• **Task description**
Pictures in the data below are not part of the copy; transcribe everything else exactly.

==== Input data ====

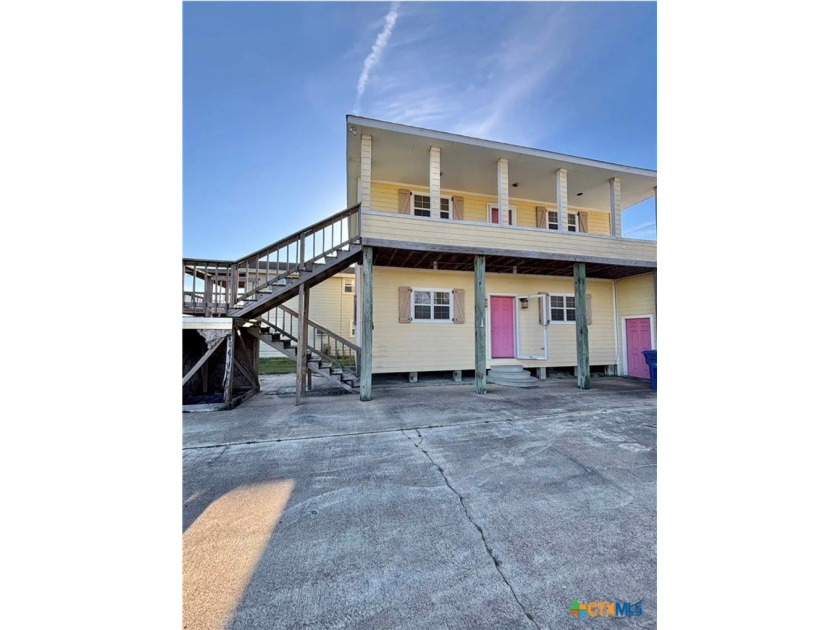 3 bedroom, 2 bath with 2 boat stall boat barn, 2 living areas - Beach Home for sale in Port O Connor, Texas on Beachhouse.com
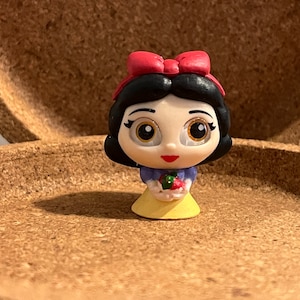Scented Snow White Keychain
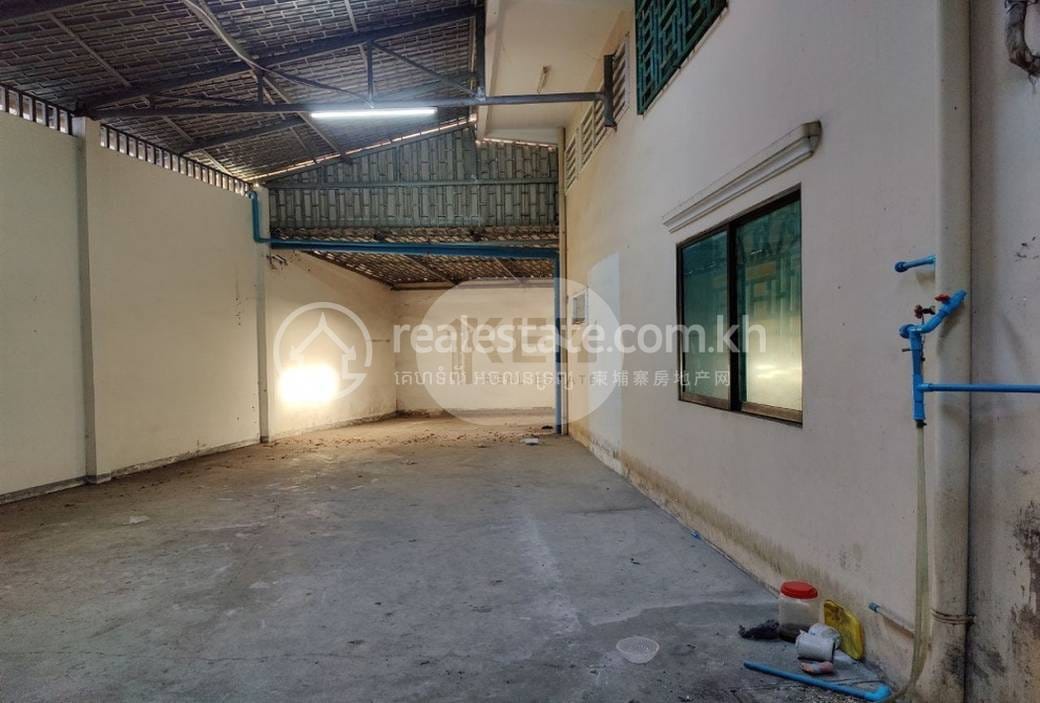 Shophouse K pronájmu with 1 Parking Space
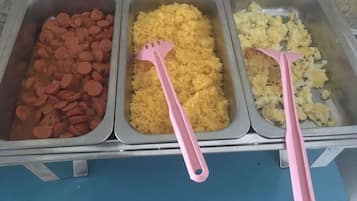 含每日吃到飽早餐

====

• **Answer for this exercise**
 3 bedroom, 2 bath with 2 boat stall boat barn, 2 living areas - Beach Home for sale in Port O Connor, Texas on Beachhouse.com
Scented Snow White Keychain
 Shophouse K pronájmu with 1 Parking Space
 含每日吃到飽早餐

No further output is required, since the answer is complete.